WORK REQUIRED. Return nothing but the lines from the line with "Charcoal - Biker Dad 13 T Shirt" through the last line of the entries that follow, copied exactly and free of pictures.

Items listed in a dataset.

◇ ◇ ◇ ◇

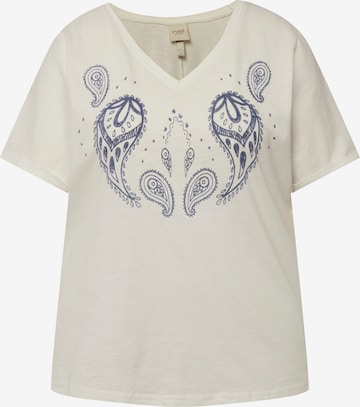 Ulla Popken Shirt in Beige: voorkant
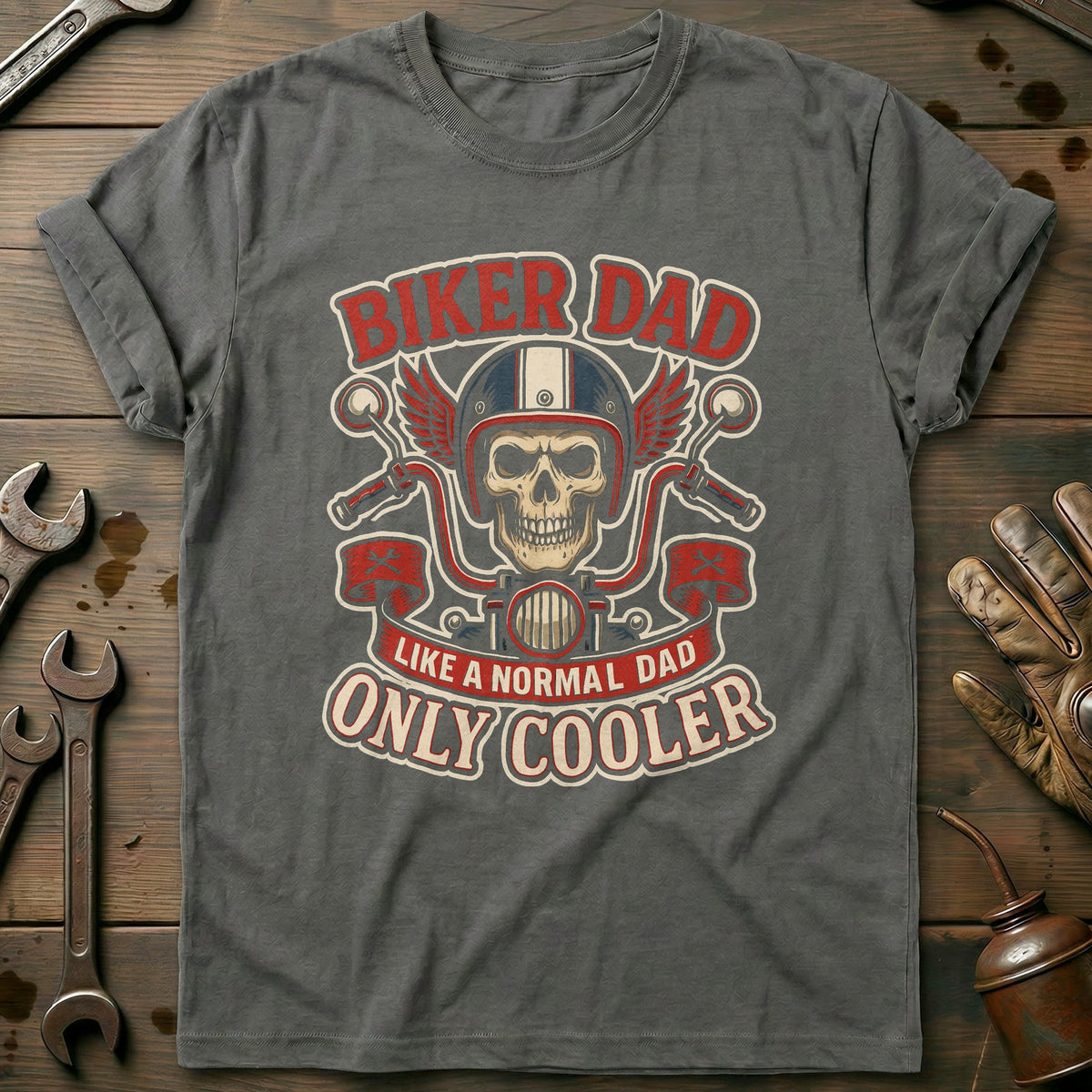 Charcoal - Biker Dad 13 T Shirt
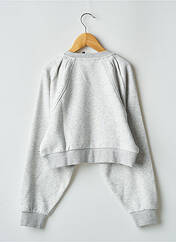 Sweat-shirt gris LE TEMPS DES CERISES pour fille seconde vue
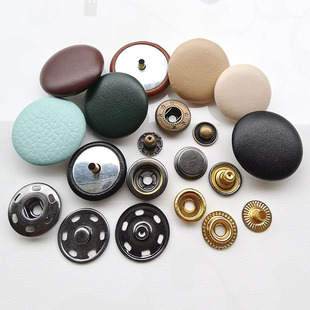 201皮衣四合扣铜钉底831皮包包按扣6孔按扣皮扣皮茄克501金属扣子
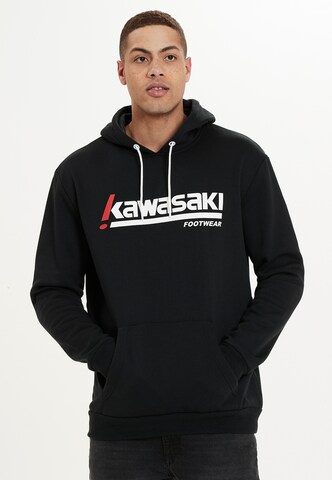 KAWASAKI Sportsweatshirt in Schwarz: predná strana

◇ ◇ ◇ ◇

THE COMPLETED TASK.
 Charcoal - Biker Dad 13 T Shirt
 Sweat-shirt gris LE TEMPS DES CERISES pour fille seconde vue
 201皮衣四合扣铜钉底831皮包包按扣6孔按扣皮扣皮茄克501金属扣子
 KAWASAKI Sportsweatshirt in Schwarz: predná strana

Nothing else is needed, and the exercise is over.